A prefeita ainda pagou o preço da queda de popularidade do M5S, primeira força antissistema a chegar ao governo na Europa Ocidental.

Dono da maior bancada no Parlamento por causa de sua vitória nas eleições legislativas de 2018, o partido viu seu eleitorado minguar nos anos seguintes, durante as duas gestões do ex-premiê Giuseppe Conte.

Na primeira (2018-2019), o M5S afastou apoiadores progressistas ao se aliar com Salvini. Na segunda (2019 2021), se distanciou de populistas e eurocéticos ao se juntar com a centroesquerda tradicional.

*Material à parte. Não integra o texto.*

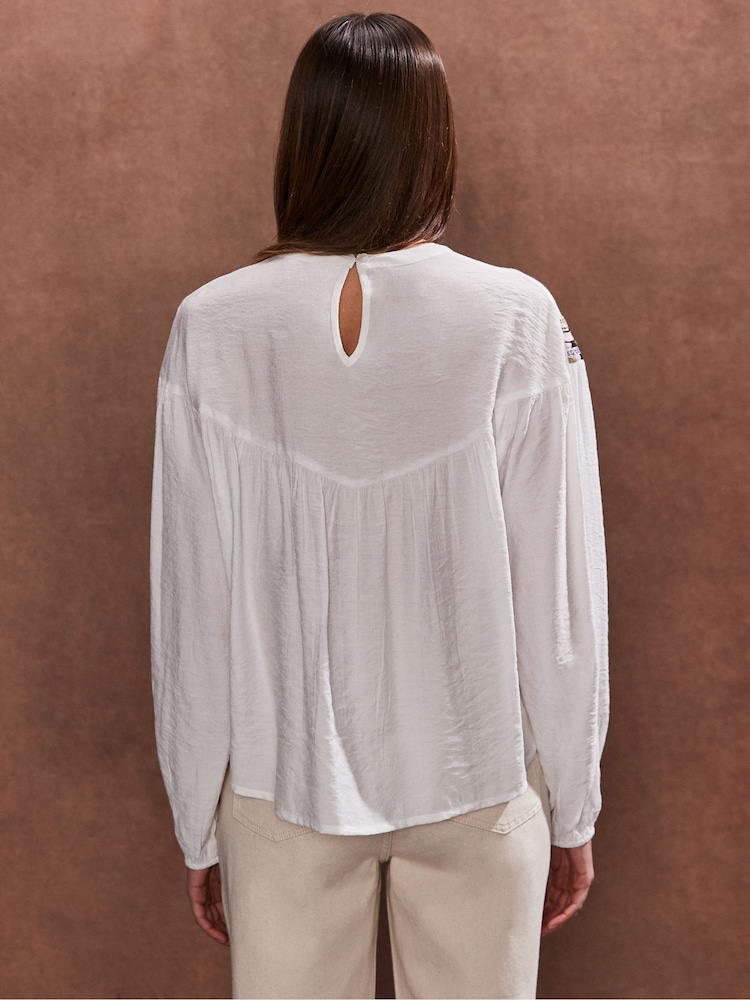 Ro&Zo White Multi Embroidered Detail Blouse - Image 2 of 3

Hoje o M5S ainda faz parte da base aliada do premiê Mario Draghi, um símbolo do establishment europeu que o movimento sempre criticou.

Em seu primeiro pronunciamento após o fechamento das urnas, Conte, presidente do partido antissistema, evitou falar em “derrota” e disse que os resultados desta segunda “confirmam o enorme potencial” da sigla e a “perspectiva séria de trabalhar com as forças progressistas”, em referência às bem-sucedidas alianças com a centro-esquerda em Bolonha e Nápoles.

“Eu havia dito que colocaria a cara a tapa e vou colocar. Esse é o tempo da semeadura para o M5S, acabamos de começar um novo percurso”, declarou o ex-premiê, que foi eleito presidente do movimento em agosto passado.